The Bears ordered him to spend a week in alcohol rehabilitation and demoted him to third string when training camp started before trading him and forever labeling the experiment a flop.
“The biggest difference between a first-rounder and a seventh-rounder is you get a lot more chances,” Thomas said. “[Mine] had run out.”
His bad luck had not.
Atlanta waived Thomas after he refused to restructure his contract, but he eventually landed as a backup in Houston for two seasons. With the Oilers, Thomas had his Mercedes torched after he was carjacked at gunpoint outside a Houston grocery store.
Then, his parents, Stan Thomas Sr. and Liz, received four-year prison sentences for tax fraud and Thomas had to pay the IRS $300,000 in restitution.

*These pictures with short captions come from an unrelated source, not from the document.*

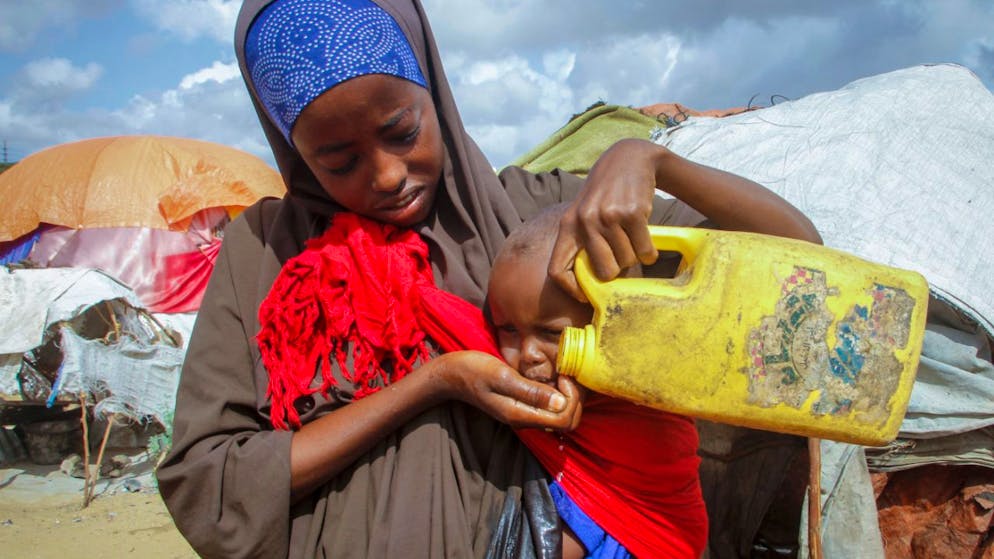 ARCHIV - Eine somalische Frau, die aus den von der Dürre betroffenen Gebieten geflohen ist, gibt ihrem Kind Wasser aus einem Plastikbehälter in einem Lager für Vertriebene am Stadtrand von Mogadischu. Foto: Farah Abdi Warsameh/AP/dpa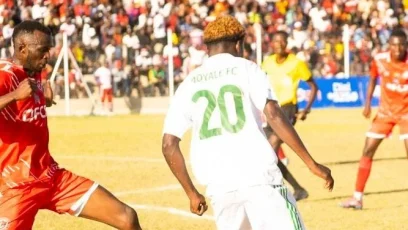 FCB Nyasa Big Bullets and Moyale Barracks players tussle for the ball during a TNM Super League match at Joyce Chitsulo Stadium in Mwanza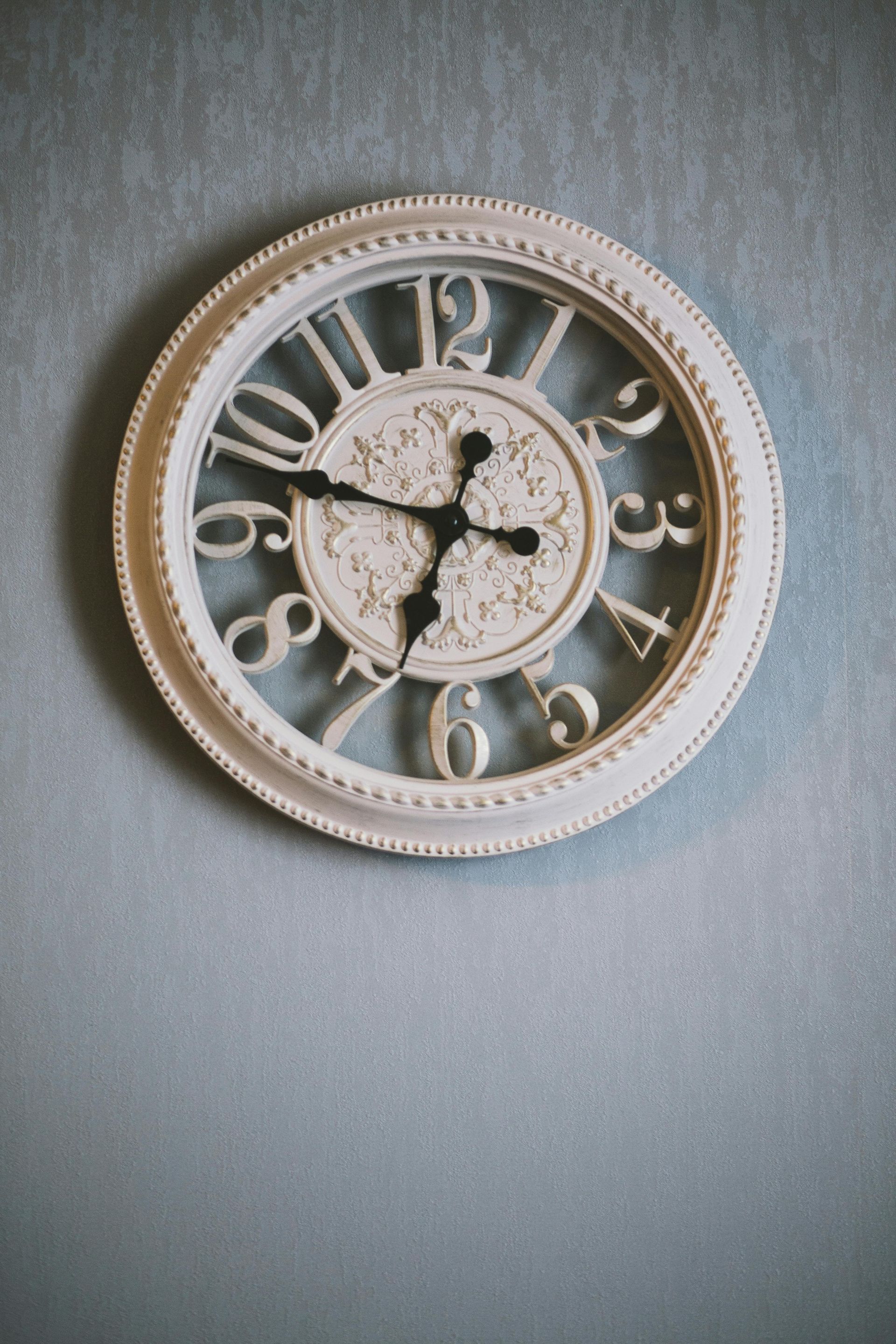 White, ornate wall clock with black hands, mounted on a blue textured wall.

Thomas’ latest controversy came last June when San Diego County police arrested and jailed him after a female alleged he had sexually assaulted her while she was unconscious. The district attorney eventually decided against filing charges.
“I was falsely accused and am not at liberty to discuss it any more than that,” Thomas said.
All the brushes with the law have made Thomas wary.
Rather than share his exact address before an interview last week, for example, he instructed a visitor to exit Interstate 5, pull into a gas station, wait for a black Escalade to pull up and follow the vehicle driven by a buddy to the house inside a gated community.
“I still feel like a target,” Thomas said. “You have to be careful.”
Candalyn Thomas says at least two literary agents have approached the family about writing a book about their travails. Stan Thomas would say the best chapter only has begun to be written.
“It was never my intention to take all the money I can, go out and party and ruin my career, but that’s what happened,” Thomas said. “I let the organization down, I let my teammates down, I let the fans down and I’m sorry.
“But I’m different. I’m 36 years old. I just hope there’s even one first-round pick out there in the draft [Saturday] who can learn from my mistakes, and handle the pressure better than I did.”